# Thread: Optimizing area within a parabola

1. ## Optimizing area within a parabola

Find the largest rectangle that is inside the graph of the parabola $y = x^2$ below the line $y = a$ (a is an unspecified constant value), with the top side of the rectangle on the horizontal line $y = a$.
The explanation says we want $x$ to be in $[0, \sqrt{a}]$. What does $\sqrt{a}$ mean?

2. ## Re: Optimizing area within a parabola

Is it the point where $y=a$ intersects the parabola?

We set $x^2 = a$ and then solve for $x$?

3. ## Re: Optimizing area within a parabola

Originally Posted by maxpancho
The explanation says we want $x$ to be in $[0, \sqrt{a}]$. What does $\sqrt{a}$ mean?
??? The square root of a, of course.

Is it the point where y=a intersects the parabola?
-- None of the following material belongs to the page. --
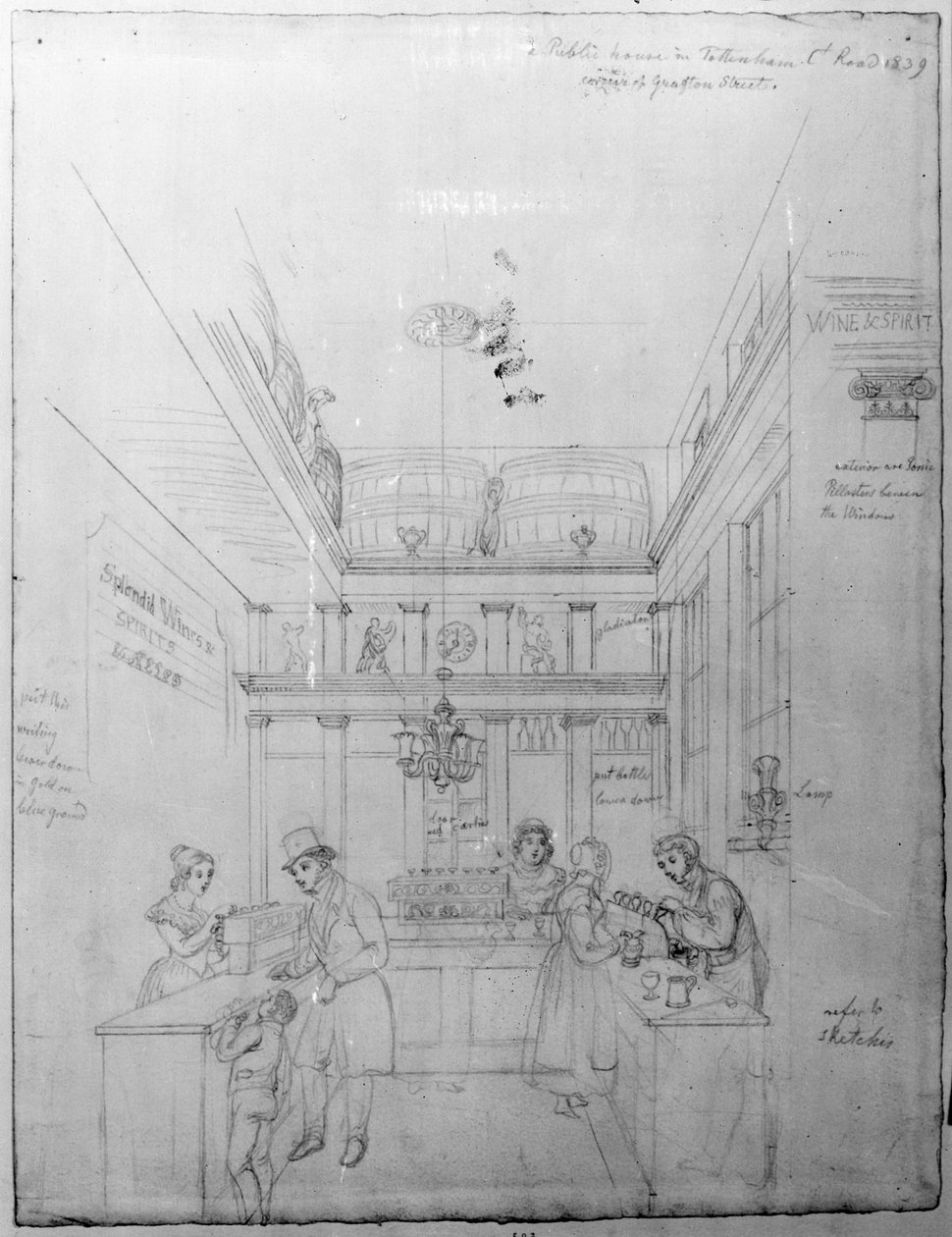 ロンドンの酒屋、1839 作： ジョージ・スナー・シャープ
We set x 2 =a and then solve for x ?
Yes, the line y= a intersects $y= x^2$ where $x= \sqrt{a}$. Since the given region is to lie inside (above) the graph of $y= x^2$ and below $y= a$, any point in the region must have $-\sqrt{a}\le x\le \sqrt{a}$.

They are probably assuming a few things not explicitly stated: The largest rectangle will have sides parallel to the x and y axes. The top edge will be on the line y= a. The largest rectangle will be symmetric about y= 0. With a little thought you should see that those things follow from "symmetry conditions". For example, if a rectangle has vertical sides from -a to b with b< a, the we can get a larger rectangle by extending the right side from b to a.

Given that, such a rectangle must have vertices at (-x, a), (x, a), on the line y= a, and, going straight down to the parabola, $(-x, x^2)$, $(x, x^2)$. The horizontal sides of that rectangle, from x to -x, have length 2x and the vertical sides. from a to $x^2$, have length [tex]a- x^2[tex] The area to be maximized is $(2x)(a- x^2)= 2ax- 2x^3$.